Drake hired a new AD.


UNI has a new basketball coach.


It has reached a point where you expect to see that the Central College coach cured the common cold or the Simpson coach climbed Mt. Everest in tomorrow's paper. Heck, that's probably the only way they would even make the back page of the sports section.     


We are living in the age of college sports in the state of Iowa. Never has there been such a flurry of information regarding the athletic departments of the state schools in a period of time. They have a strangle hold on the people of this state. And it's great to see. Because, let's be honest, who wants to hear about the CIETC scandal all summer?

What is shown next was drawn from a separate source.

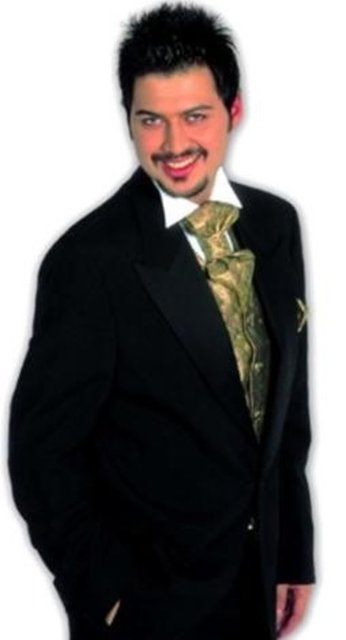 Ama en çok kendinden söz ettiren Caner Toygar oldu. Bir dönem kısa süren bir dizi serüveni yaşadı...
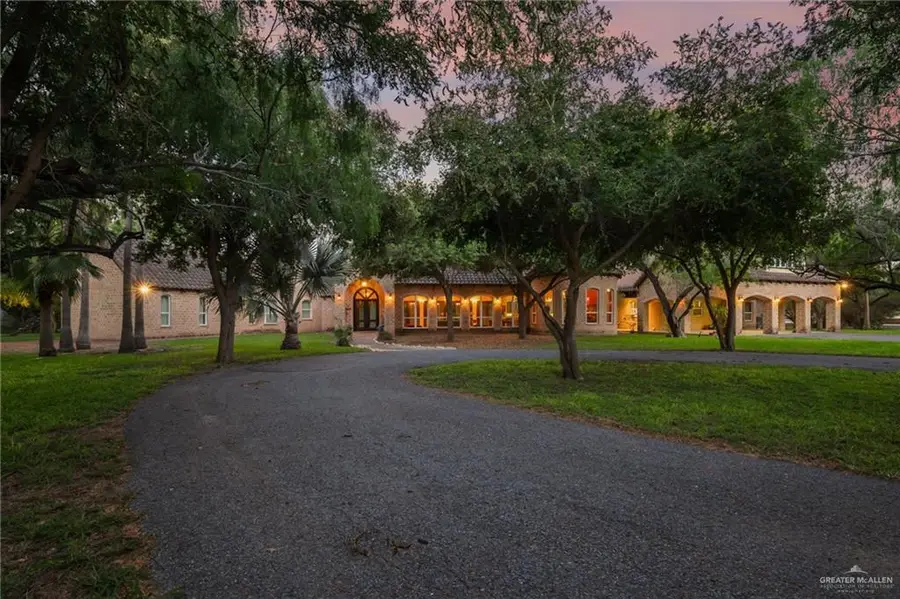 1700 Dartmouth Avenue, McAllen, TX 78504 - #3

There are several reasons for this recent spike of interest. First and foremost, Iowa State and Iowa have both enjoyed unprecedented success on the football field at the same time during this century. Their combined winning percentage this century is 58 % (combined record of 87-62). Compare that with these two "big-time" states:


Florida (Florida, FSU, Miami, etc.): 61 %  

Ohio (Ohio State, Ohio, Toledo, etc.): 55 %   


The state of Iowa has in fact become one of the big boys in the college football world. No longer is Iowa State resigned to be the little brother. They have become noticed not only on an in-state basis, but slowly they are being recognized nationally. Iowa State has out-grown the "beating Iowa as the only positive" era. They now have their sights on loftier goals and their Big 12 brethren are taking note. Nobody in the Big 12 marks down ISU as an easy W like they once did. The only Big 12 schools ISU hasn't defeated in the last four years are Texas and Oklahoma. And several of those wins came on the road, something which was unheard of in the ‘90s. Iowa State has picked up eight conference road wins in the last six years. Not great. But, the Cyclones had zero conference road wins in an eight year stretch from 1991-1999.  The ball is starting to roll.


Most of that success came with Bruce Van de Velde running the point in the ISU athletic office attack. And to a large extent, Van de Velde did a below average job of promoting the changing tide of Cyclone football. Other than the Bergstrom indoor practice facility, which would have been very difficult to screw up, Van de Velde didn't take advantage of the momentum in the program. Season tickets increased only moderately, the marketing of ISU football remained unchanged, as Van de Velde was satisfied to just sit back and watch.


With Pollard taking the AD position to a much more visible and aggressive level of performance, the potential of improvement is impossible to ignore. He is not going to allow the Cyclone football team to wallow in the back pages. Dan McCarney has always played the lack-of-respect card, and he has done all he could to change ISU's unhealthy perception. But the only real work he could do to change that perception was to win football games. He has done that. Now, it's up to someone else to take the ISU torch and spread it across state lines. Thus the recent three month PR war in the media.


Pollard realized right away how important communicating the Cyclone message is. He hired Steve Malchow as the senior associate athletics director for communications. Malchow is one of the sharpest fellows you will ever talk to and has been invaluable in recent months to Jamie Pollard and the Cyclones. Every move Pollard announces has been crafted and calculated by Malchow and the rest of the athletic department. They have been hard-set on changing the reputation of the Cyclones. Last month's "Billboard-Gate" wasn't just a random move. That was an orchestrated attempt to motivate the ISU base in enemy territory and at the same time grab headlines and generate discussion in eastern Iowa. It worked brilliantly. Even before the billboard was constructed, it was already front page material in newspapers across the state. And it sent the folks in Iowa City backpedaling like a burned defensive back.


Don't expect that to change.


The moves Pollard has made have accentuated the thought that the Cyclones are no longer comfortable with being average. "Go hard or don't go at all."   


Now if we could just fast forward to football season. We are only 49 days away and I'm tired of watching Kobiyashi eat hot dogs.